[Records excerpted from a collection]
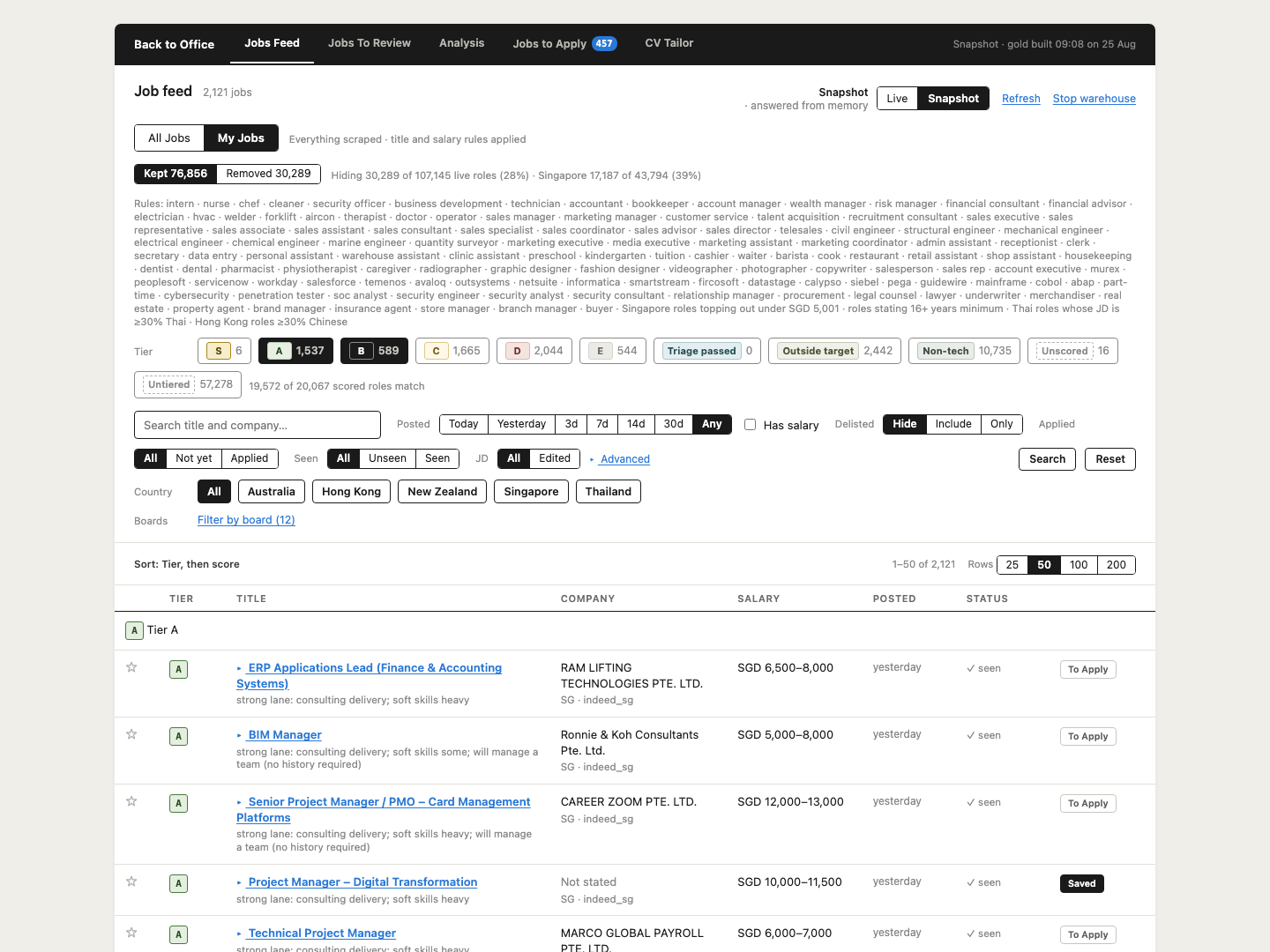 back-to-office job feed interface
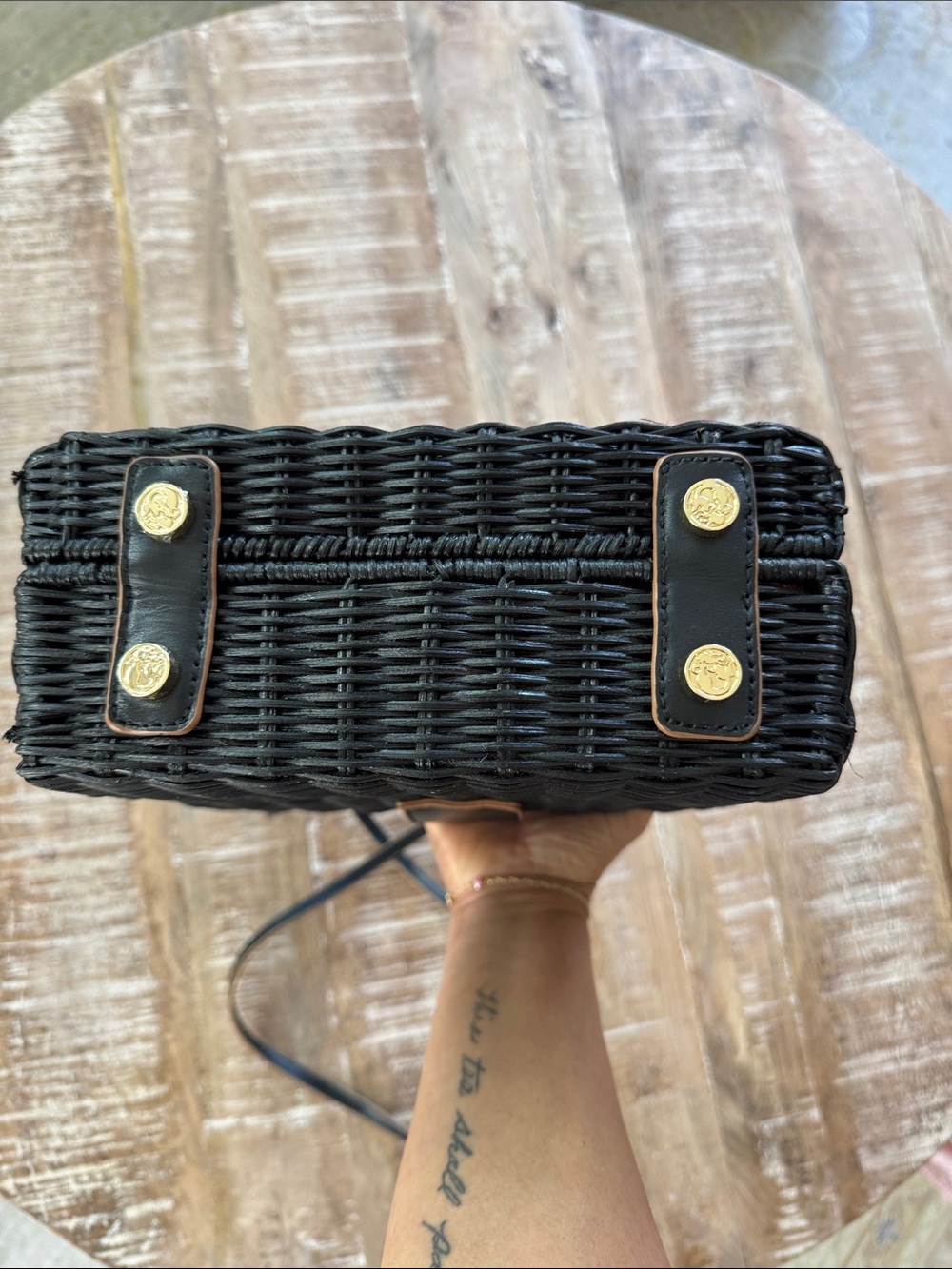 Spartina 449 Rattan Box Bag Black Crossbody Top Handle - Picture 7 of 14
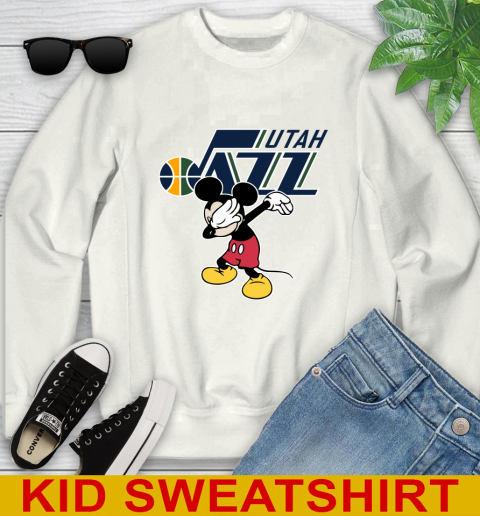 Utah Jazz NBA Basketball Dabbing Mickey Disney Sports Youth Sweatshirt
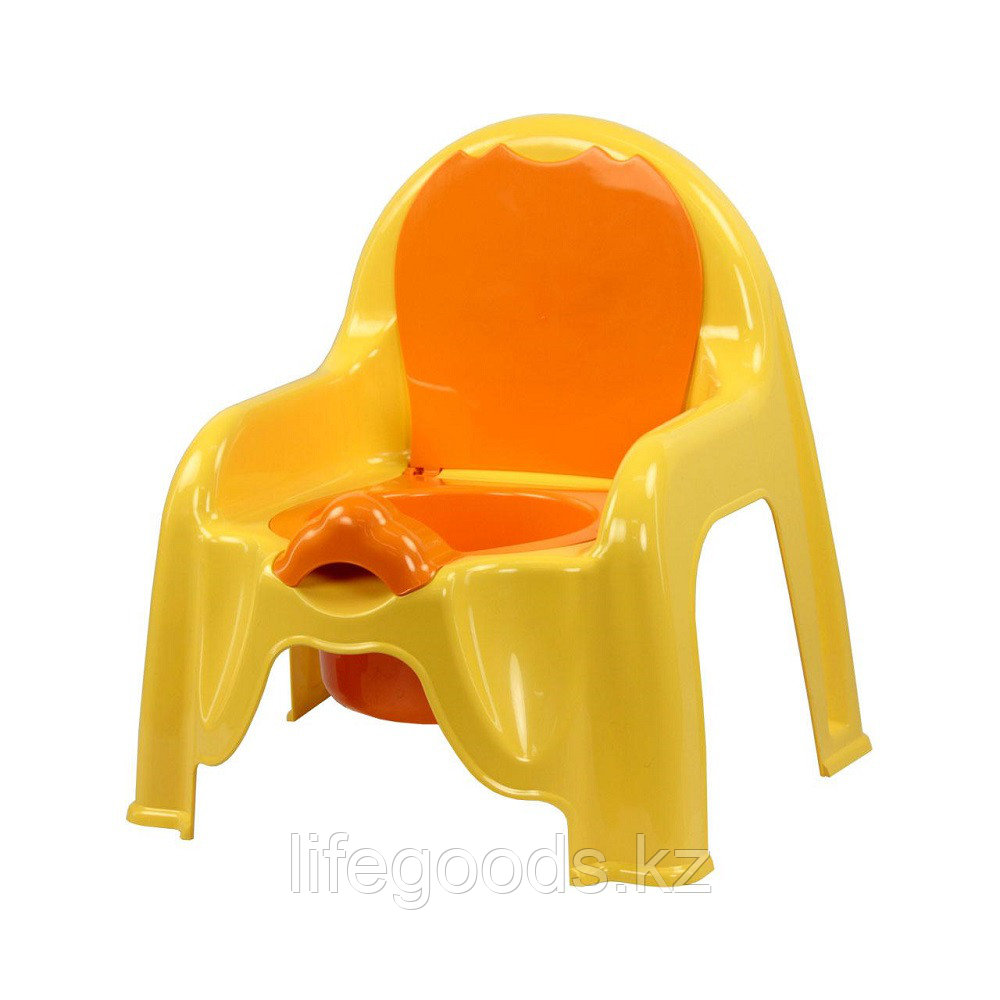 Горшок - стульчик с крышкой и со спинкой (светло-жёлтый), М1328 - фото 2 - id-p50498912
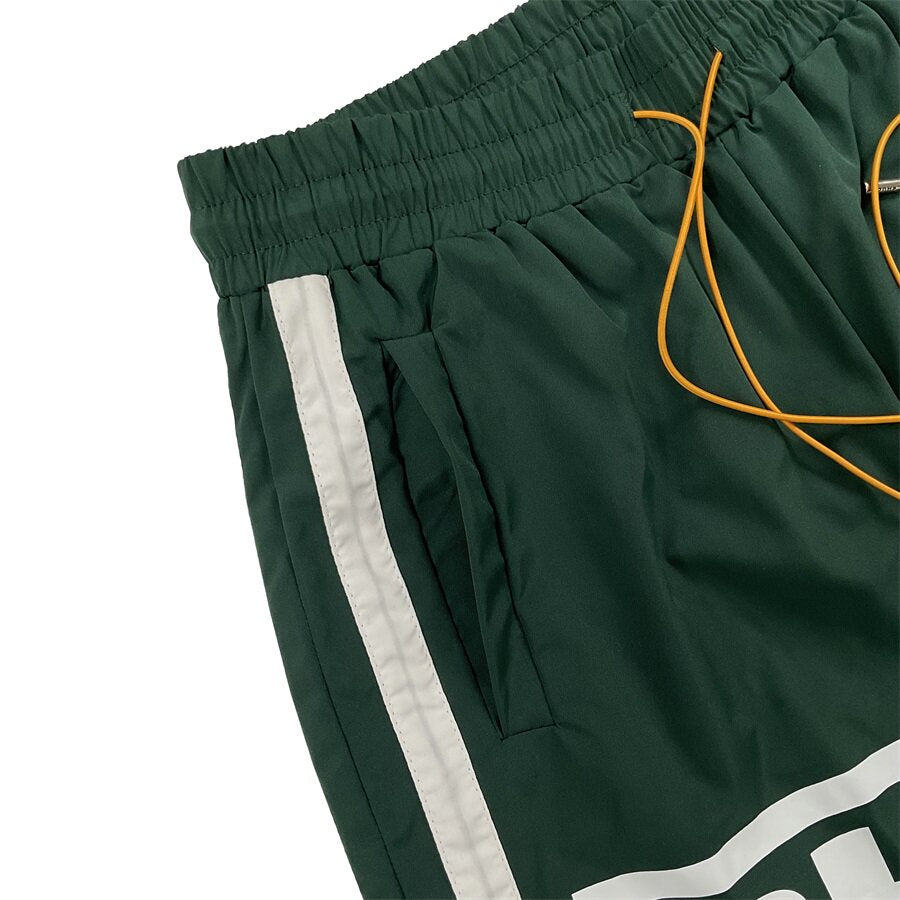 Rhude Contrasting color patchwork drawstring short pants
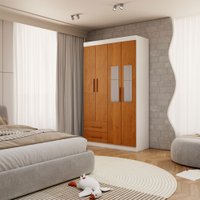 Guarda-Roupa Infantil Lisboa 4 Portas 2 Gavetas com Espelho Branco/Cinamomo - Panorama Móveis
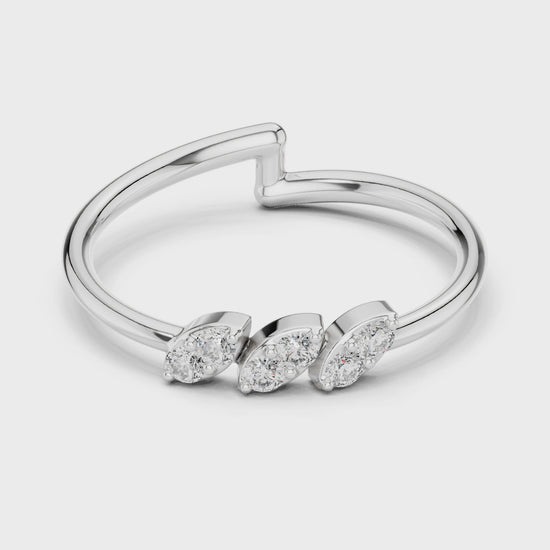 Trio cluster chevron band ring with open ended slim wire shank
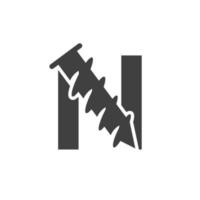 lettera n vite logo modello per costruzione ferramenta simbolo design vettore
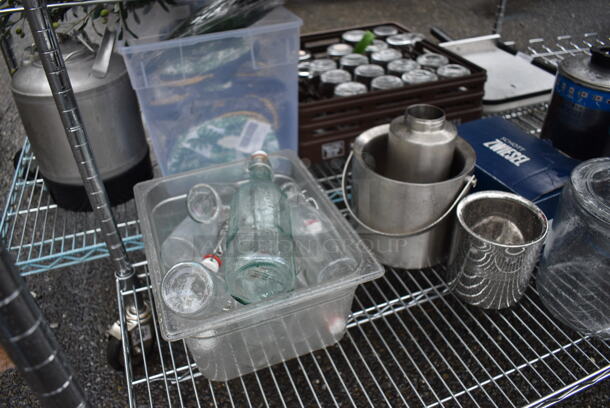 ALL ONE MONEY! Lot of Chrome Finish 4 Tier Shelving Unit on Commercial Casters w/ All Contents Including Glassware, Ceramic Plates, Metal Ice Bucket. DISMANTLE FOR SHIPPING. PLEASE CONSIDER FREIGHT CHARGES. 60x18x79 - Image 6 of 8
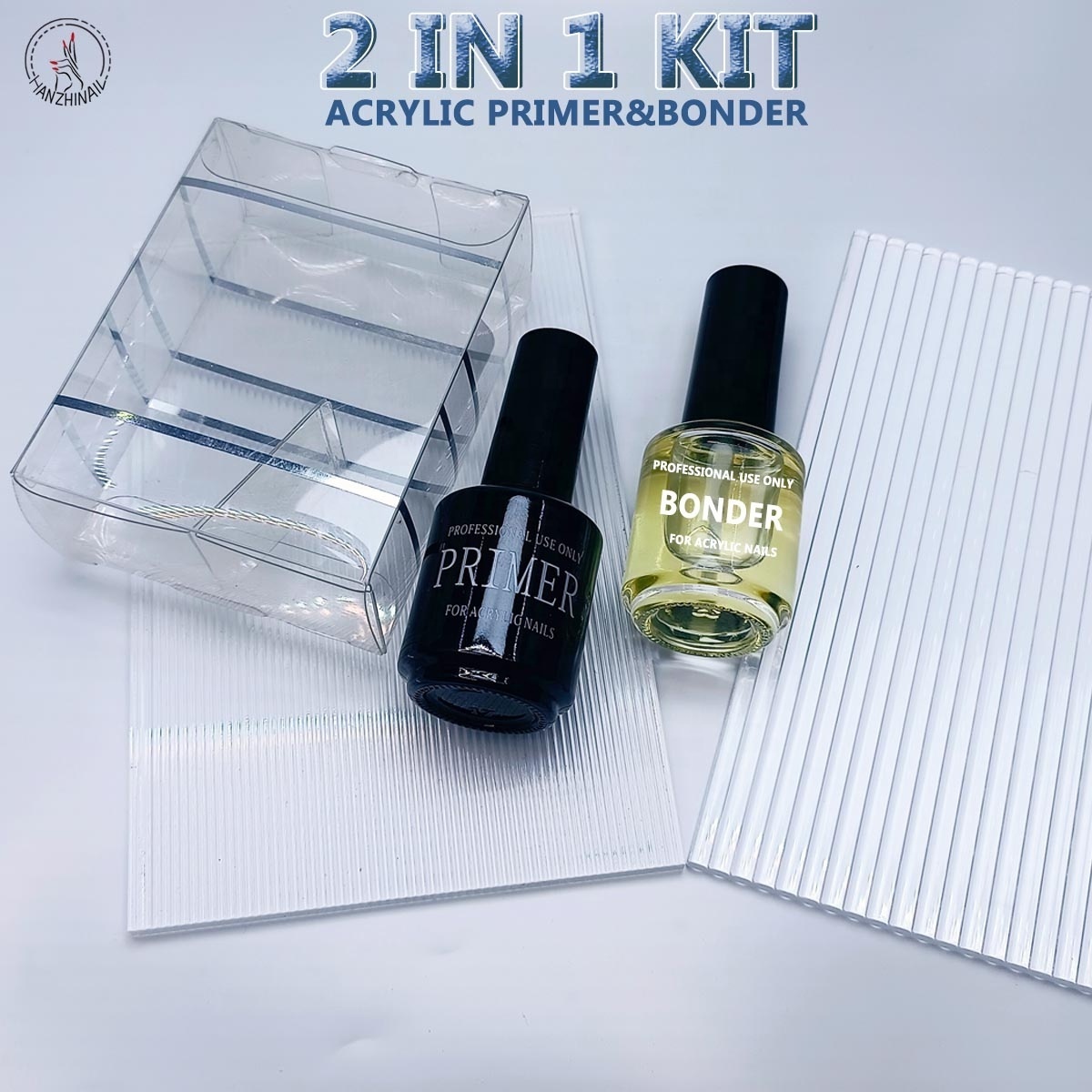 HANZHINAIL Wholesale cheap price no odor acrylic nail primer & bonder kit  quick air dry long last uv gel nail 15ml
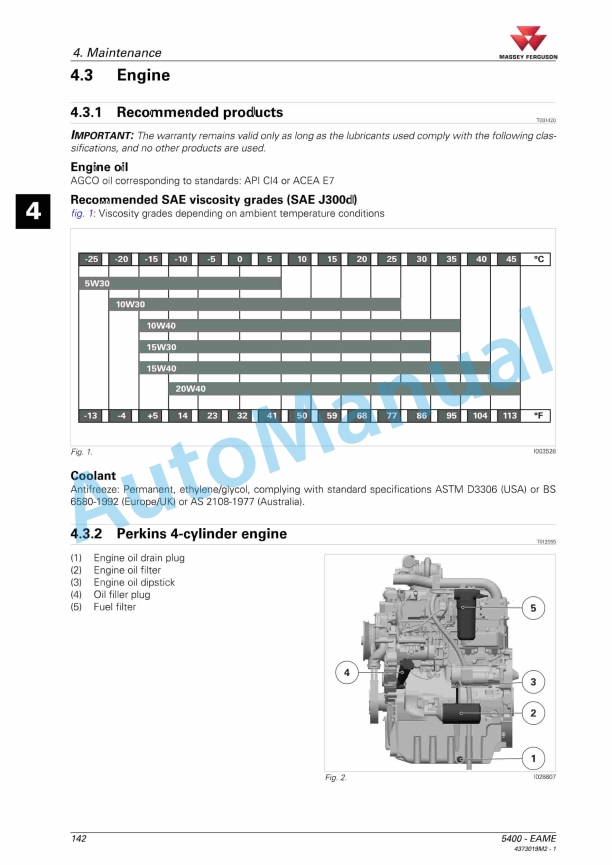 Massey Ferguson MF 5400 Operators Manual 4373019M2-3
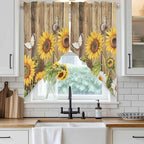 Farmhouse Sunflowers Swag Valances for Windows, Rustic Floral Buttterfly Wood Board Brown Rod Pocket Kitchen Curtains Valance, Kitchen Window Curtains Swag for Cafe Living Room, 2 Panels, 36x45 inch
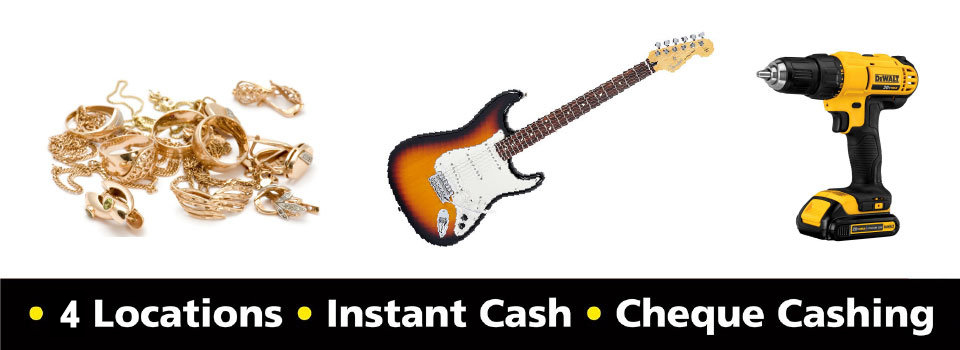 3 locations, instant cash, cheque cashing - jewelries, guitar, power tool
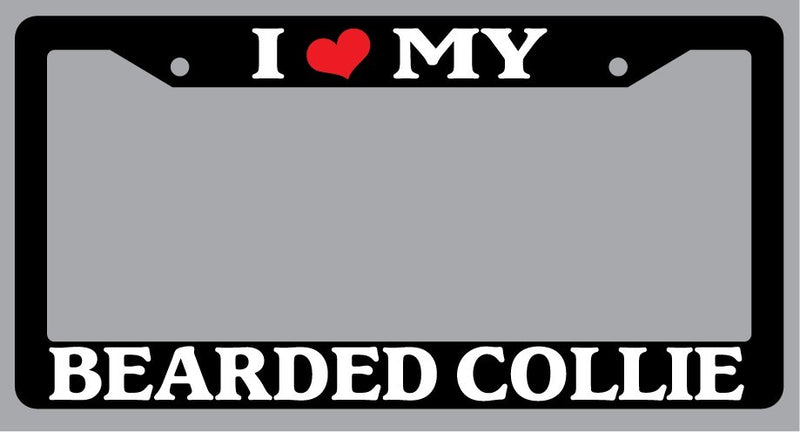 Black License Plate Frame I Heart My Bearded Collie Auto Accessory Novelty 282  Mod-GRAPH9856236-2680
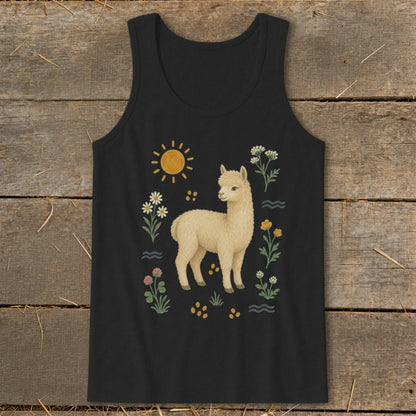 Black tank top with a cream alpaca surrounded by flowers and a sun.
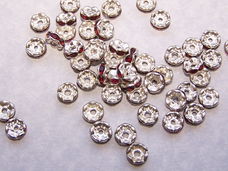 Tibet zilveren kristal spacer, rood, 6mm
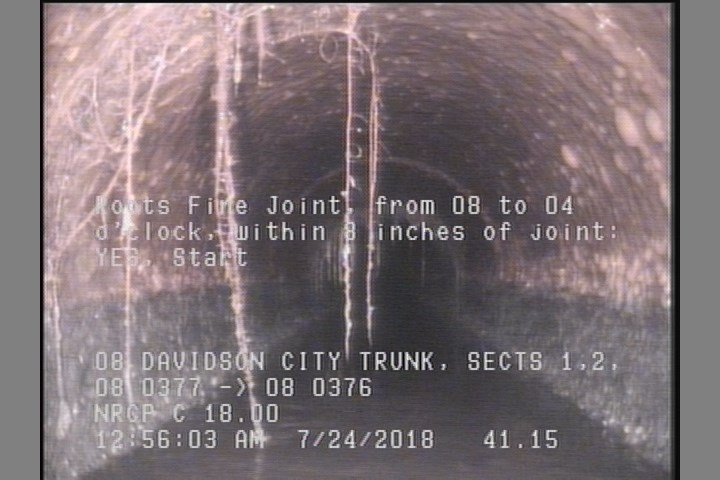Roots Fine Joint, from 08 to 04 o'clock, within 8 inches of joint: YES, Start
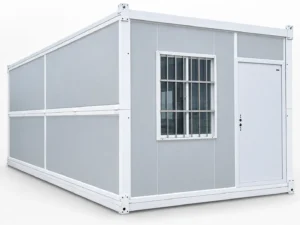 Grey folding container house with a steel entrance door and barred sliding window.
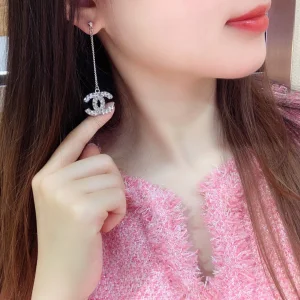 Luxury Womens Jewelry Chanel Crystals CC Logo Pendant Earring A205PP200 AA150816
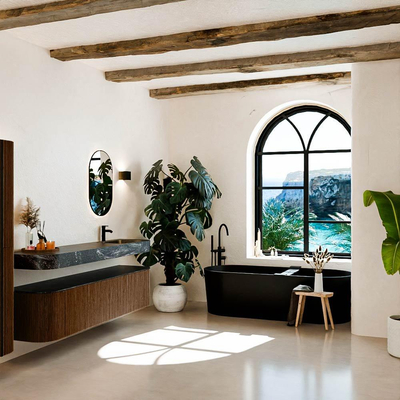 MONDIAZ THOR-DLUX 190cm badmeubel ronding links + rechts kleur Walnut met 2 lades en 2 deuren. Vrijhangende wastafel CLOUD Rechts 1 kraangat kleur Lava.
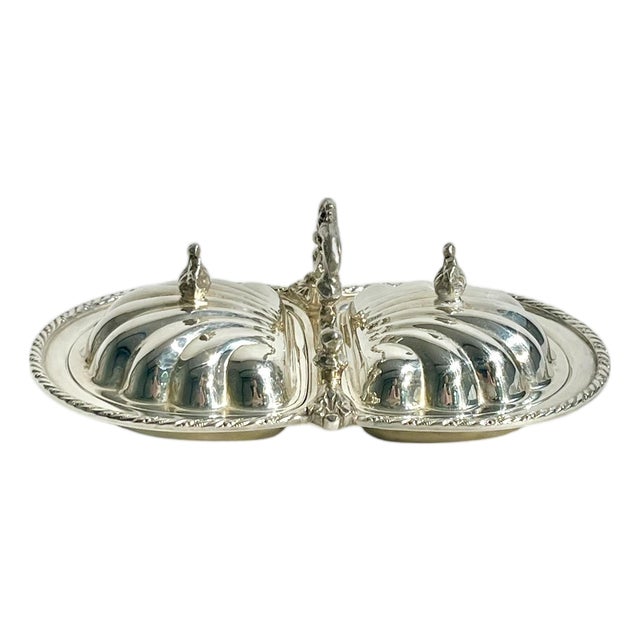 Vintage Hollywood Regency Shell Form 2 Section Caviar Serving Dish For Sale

- [WORK ORDER] Copy out exactly the lines between the line containing "3 locations, instant" and the end of the entries, including both, and leave the pictures behind.

- [WRITTEN SOLUTION]
 3 locations, instant cash, cheque cashing - jewelries, guitar, power tool
 Black License Plate Frame I Heart My Bearded Collie Auto Accessory Novelty 282  Mod-GRAPH9856236-2680
 Black tank top with a cream alpaca surrounded by flowers and a sun.
 Tibet zilveren kristal spacer, rood, 6mm
Roots Fine Joint, from 08 to 04 o'clock, within 8 inches of joint: YES, Start
 Grey folding container house with a steel entrance door and barred sliding window.
 Luxury Womens Jewelry Chanel Crystals CC Logo Pendant Earring A205PP200 AA150816
 MONDIAZ THOR-DLUX 190cm badmeubel ronding links + rechts kleur Walnut met 2 lades en 2 deuren. Vrijhangende wastafel CLOUD Rechts 1 kraangat kleur Lava.
 Vintage Hollywood Regency Shell Form 2 Section Caviar Serving Dish For Sale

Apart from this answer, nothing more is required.